Stuart Hall had a sort of revolutionary fire in his soul. He gave the lie in some senses to that idea of Gil Scott-Heron’s, that “the revolution will not be televised”. I grew up in Tottenham in the 1970s and early 1980s, my mother worked nights and I would often be up late watching the Open University TV programmes that came on after the regular channels finished. Stuart was broadcasting in the age of Alf Garnett and Love Thy Neighbour and contradicting every single stereotype that they presented. I grew up without a father, and was completely fascinated by this powerful, highly articulate male talking softly to me at a time when I probably should have been in bed.
There was, above all, a tremendous modernity and countercultural excitement to Stuart’s language – a modernity that challenged everything I was hearing in school, on the news, and in everyday life. There is a generation of social workers, teachers, academics, media studies students, political activists and many others who lived and breathed those OU courses, who were deeply influenced by him.

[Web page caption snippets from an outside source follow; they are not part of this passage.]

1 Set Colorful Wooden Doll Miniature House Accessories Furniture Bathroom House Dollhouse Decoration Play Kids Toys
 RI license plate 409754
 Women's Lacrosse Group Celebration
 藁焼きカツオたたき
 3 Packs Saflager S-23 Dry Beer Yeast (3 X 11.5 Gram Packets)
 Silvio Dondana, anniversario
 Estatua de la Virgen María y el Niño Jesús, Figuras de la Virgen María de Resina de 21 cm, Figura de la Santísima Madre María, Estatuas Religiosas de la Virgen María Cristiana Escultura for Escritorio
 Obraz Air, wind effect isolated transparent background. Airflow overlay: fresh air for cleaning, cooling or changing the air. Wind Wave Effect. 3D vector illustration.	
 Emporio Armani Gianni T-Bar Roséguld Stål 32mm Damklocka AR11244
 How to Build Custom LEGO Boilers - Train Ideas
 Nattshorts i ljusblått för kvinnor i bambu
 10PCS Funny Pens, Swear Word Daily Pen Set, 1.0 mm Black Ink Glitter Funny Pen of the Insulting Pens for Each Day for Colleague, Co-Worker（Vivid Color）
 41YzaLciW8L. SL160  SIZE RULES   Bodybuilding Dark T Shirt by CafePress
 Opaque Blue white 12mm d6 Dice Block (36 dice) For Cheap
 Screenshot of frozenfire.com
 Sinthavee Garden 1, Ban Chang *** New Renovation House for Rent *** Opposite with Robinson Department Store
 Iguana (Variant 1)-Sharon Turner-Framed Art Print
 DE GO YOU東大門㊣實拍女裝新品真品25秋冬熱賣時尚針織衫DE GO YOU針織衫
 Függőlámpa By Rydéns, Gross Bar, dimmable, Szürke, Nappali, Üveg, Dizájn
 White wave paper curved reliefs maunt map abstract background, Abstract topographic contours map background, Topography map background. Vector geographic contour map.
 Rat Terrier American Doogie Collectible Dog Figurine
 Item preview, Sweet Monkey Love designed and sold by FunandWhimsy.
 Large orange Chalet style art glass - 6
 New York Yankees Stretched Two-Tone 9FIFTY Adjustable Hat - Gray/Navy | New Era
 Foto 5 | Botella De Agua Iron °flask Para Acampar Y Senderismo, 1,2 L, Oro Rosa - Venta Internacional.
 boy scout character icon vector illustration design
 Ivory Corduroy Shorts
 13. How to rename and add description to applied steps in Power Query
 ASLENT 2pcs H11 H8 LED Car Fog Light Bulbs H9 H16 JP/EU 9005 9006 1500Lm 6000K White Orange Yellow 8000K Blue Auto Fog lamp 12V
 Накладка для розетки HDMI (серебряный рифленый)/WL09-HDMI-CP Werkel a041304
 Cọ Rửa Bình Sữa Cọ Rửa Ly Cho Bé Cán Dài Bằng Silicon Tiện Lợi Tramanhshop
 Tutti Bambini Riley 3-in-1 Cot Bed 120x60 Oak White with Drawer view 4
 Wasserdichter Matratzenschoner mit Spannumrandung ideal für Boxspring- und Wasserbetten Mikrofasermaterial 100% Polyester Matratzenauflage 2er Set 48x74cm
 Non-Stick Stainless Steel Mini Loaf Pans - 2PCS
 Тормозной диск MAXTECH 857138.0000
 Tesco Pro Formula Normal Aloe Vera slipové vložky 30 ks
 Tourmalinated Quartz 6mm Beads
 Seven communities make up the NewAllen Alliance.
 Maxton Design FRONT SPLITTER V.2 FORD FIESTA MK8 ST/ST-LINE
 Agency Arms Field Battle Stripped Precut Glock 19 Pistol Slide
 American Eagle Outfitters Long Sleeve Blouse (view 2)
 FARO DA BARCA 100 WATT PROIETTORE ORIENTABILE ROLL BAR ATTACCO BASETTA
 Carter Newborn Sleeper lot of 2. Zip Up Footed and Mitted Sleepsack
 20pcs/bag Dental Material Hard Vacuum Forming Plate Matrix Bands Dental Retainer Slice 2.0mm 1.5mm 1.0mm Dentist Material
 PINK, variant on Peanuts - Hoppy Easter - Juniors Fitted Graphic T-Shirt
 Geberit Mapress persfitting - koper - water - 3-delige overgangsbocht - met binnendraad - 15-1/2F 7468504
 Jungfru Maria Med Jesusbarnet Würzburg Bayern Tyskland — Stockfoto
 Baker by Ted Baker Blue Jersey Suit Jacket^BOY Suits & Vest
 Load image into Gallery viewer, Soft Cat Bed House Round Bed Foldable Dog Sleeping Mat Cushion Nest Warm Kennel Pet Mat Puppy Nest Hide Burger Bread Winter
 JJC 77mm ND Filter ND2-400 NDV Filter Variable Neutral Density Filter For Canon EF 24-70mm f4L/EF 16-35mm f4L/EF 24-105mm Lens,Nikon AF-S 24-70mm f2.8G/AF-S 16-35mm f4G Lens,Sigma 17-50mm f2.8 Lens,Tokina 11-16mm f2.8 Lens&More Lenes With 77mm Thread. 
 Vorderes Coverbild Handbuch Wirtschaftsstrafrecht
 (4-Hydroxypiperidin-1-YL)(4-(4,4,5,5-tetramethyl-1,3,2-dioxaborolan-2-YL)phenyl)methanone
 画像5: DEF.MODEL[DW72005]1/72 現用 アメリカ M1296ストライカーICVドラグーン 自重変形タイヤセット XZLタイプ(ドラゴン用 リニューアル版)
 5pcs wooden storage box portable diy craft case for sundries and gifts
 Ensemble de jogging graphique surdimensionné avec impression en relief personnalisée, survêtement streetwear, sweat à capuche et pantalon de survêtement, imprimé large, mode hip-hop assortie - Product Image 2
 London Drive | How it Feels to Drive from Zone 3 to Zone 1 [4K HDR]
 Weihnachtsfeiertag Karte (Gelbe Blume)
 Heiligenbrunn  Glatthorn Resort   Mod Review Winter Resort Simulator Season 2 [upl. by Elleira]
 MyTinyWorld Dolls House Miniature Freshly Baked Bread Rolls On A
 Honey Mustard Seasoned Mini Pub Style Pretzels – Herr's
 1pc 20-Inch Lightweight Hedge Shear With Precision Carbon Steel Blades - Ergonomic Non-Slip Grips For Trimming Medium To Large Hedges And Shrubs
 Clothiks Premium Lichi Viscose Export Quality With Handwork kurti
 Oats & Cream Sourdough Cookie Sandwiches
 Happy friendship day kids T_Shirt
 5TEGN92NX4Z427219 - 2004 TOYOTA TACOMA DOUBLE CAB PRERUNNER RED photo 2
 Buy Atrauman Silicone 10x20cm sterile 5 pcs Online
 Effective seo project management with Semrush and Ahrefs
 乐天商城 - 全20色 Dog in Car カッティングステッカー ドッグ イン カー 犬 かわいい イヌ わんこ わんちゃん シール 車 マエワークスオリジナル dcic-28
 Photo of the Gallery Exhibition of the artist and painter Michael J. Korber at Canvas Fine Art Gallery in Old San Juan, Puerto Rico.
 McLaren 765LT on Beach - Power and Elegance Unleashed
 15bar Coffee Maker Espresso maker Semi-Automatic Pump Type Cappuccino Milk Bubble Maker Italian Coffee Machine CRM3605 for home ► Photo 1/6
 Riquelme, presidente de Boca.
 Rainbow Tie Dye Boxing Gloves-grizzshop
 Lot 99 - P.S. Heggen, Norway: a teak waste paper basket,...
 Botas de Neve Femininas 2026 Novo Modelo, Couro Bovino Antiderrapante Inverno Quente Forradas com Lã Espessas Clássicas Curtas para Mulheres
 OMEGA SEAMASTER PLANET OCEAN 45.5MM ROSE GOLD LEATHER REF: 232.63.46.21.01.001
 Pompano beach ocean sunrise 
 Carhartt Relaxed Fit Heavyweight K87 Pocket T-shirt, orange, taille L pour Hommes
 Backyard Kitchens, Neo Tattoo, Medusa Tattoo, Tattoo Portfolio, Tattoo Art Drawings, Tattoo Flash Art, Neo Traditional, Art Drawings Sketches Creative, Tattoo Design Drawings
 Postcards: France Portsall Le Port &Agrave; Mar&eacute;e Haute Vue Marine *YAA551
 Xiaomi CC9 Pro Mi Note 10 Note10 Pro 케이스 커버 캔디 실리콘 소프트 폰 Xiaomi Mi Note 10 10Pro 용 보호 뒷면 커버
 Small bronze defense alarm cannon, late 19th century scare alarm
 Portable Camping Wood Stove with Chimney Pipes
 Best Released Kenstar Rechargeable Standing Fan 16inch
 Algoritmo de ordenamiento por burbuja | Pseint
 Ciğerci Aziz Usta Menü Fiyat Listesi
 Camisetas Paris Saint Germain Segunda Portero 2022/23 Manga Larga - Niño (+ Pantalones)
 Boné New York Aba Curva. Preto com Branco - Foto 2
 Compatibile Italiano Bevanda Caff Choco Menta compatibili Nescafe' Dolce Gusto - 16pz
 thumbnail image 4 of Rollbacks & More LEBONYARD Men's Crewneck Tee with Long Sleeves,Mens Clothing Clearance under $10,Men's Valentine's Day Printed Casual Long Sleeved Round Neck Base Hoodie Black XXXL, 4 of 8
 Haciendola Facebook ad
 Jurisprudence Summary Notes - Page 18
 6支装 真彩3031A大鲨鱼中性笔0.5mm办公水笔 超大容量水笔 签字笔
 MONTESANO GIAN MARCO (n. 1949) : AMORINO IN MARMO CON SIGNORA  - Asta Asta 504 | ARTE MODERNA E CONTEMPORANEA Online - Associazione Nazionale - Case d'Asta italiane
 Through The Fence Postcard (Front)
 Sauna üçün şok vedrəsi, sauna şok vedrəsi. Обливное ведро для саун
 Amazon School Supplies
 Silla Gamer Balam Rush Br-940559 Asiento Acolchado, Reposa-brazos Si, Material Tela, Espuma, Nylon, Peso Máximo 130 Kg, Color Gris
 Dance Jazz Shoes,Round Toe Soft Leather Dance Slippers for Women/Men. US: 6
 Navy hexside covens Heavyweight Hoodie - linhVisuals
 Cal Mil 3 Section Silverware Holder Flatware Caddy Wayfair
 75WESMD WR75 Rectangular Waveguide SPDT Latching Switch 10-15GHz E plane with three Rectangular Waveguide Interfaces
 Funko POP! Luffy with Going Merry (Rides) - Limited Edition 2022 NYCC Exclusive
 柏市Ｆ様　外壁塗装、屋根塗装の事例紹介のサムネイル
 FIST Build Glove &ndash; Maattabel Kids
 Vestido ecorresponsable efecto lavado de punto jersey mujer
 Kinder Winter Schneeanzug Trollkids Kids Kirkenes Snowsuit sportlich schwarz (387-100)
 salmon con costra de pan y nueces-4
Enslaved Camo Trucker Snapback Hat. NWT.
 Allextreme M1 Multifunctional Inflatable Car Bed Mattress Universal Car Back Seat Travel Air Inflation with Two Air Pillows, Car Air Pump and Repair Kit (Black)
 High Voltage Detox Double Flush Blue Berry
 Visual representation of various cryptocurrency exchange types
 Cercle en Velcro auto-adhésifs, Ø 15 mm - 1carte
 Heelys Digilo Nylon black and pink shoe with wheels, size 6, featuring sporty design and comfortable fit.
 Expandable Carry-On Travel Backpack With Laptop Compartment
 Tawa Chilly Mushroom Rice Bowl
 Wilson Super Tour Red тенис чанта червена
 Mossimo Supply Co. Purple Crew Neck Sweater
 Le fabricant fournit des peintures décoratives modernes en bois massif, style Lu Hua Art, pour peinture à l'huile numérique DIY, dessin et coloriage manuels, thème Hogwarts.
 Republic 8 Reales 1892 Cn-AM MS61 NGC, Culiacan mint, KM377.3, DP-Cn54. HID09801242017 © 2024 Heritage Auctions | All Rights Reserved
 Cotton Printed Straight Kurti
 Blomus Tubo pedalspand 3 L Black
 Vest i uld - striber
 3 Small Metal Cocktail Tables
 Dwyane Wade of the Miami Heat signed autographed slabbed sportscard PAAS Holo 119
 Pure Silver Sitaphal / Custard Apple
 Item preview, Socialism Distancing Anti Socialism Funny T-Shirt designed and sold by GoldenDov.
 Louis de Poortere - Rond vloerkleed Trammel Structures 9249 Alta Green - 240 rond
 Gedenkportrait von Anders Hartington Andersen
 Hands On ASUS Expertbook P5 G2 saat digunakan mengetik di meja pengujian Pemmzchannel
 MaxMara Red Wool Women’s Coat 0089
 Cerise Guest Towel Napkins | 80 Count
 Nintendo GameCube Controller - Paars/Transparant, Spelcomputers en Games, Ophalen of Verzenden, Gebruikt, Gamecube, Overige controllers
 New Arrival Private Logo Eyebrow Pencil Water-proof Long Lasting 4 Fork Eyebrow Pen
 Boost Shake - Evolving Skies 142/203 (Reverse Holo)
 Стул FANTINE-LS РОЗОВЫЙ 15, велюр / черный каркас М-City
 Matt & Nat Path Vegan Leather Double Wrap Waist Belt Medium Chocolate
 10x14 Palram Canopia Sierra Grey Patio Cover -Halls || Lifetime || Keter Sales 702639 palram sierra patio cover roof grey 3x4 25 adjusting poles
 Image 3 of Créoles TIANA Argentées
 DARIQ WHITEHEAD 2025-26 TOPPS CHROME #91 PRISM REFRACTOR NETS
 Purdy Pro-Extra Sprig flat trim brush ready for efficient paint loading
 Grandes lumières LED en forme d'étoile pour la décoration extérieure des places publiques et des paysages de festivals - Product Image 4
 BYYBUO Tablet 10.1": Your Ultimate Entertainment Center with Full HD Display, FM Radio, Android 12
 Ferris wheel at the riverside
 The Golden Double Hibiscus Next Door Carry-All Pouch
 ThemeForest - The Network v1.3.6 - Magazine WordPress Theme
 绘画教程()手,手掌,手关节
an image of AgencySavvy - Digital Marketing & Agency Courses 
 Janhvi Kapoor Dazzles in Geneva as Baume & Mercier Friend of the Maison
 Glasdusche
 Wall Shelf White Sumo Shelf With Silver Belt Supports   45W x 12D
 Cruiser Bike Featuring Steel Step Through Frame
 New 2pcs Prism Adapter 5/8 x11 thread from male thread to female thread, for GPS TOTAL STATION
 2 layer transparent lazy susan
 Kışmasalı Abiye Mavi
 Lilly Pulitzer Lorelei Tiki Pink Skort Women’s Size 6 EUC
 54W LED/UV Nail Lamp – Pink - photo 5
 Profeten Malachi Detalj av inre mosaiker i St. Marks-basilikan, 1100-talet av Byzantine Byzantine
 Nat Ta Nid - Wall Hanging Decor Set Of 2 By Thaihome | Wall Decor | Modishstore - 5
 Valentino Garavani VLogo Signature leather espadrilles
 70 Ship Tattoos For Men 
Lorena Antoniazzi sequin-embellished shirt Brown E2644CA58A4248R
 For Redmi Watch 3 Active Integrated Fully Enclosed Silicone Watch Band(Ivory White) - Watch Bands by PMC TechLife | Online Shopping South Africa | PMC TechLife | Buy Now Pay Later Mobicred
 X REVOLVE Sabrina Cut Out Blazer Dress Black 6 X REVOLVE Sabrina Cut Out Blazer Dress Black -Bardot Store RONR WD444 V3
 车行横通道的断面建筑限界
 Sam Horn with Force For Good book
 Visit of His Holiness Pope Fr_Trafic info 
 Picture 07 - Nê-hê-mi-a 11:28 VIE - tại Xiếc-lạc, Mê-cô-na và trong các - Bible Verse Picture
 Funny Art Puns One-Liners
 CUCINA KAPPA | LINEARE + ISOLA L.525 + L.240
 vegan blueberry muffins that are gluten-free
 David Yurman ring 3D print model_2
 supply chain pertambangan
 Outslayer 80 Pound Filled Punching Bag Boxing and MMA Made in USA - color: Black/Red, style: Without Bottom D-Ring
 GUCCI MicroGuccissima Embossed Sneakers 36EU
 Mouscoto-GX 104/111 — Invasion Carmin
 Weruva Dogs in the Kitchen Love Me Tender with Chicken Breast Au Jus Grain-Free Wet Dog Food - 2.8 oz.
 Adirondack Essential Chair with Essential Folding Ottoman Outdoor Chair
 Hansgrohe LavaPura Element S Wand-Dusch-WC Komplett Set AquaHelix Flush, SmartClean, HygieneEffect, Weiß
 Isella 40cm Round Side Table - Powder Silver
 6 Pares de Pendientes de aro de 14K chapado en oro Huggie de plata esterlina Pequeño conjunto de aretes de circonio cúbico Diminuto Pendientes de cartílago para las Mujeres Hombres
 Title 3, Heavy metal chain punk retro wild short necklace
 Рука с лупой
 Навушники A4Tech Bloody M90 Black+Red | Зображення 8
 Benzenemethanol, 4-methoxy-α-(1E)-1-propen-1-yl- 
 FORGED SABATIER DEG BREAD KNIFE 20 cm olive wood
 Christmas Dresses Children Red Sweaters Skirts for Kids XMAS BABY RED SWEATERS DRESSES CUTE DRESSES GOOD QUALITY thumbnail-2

I met Stuart and got to know him well when I became an MP. He sought me out, and would come to the Commons for tea. We had a lot of contact when I was culture minister and he was chair of Rivington Place – the east London cultural institution he championed devoted to black archives, photography and art. I was very pleased to help him with support and funding for that fantastic project. He seemed proud that I was the minister at the time and instinctively understood the need for projects like these.
Stuart became a paternal kind of presence in my life. He had a quiet but affecting voice and an incredible authority and rigour of thought. He was not a didactic, authoritarian figure, but came across as a very open individual, a lover of jazz and of art, as well as politics. He was a guiding influence, authoritative and thought-provoking but always incredibly well-mannered. He wouldn’t raise his voice because that wasn’t the done thing. Stuart would listen hard to what you said and question everything. He was very quick to pick up the phone after the 2011 riots, for example, and gently question me on aspects of my response that he disagreed with.
Being born in Jamaica gave Stuart a totally different perspective on Britain, his adopted home. He was acutely aware of his own mixed heritage: African, Portuguese, West Indian, Jewish, British, and that context made his critique of otherness extremely personal.
History will be generous to Stuart as a public intellectual and polymath. In the theatre of academic greats, I would place him alongside Eric Hobsbawm and Ralph Miliband. His work was inter-disciplinary and leaves a strong legacy in the fields of cultural studies, media, anthropology, social history, and gender studies – a remarkable contribution to how we now analyse the world around us. He gave us the idea of multiculturalism as we understand it, of multiple identities. He not only coined the term “Thatcherism”, but he wrote the seminal deconstruction of it before Thatcher even came to power. He offered, too, the sharpest critique of the problems with British socialism that allowed Thatcherism to prosper. Much of that work formed the basis of New Labour, of which, of course, he later also became very critical.
Stuart’s memorial service at the end of November was, naturally, a very moving celebration of a remarkable life. His daughter paid him a wonderful tribute as a father and a soulmate, and intellectual colleagues, artists and writers, those whom he had taught and inspired and guided from across the world, joined to pay him full and heartfelt tribute. It felt a privilege to be there. Who could ask for more?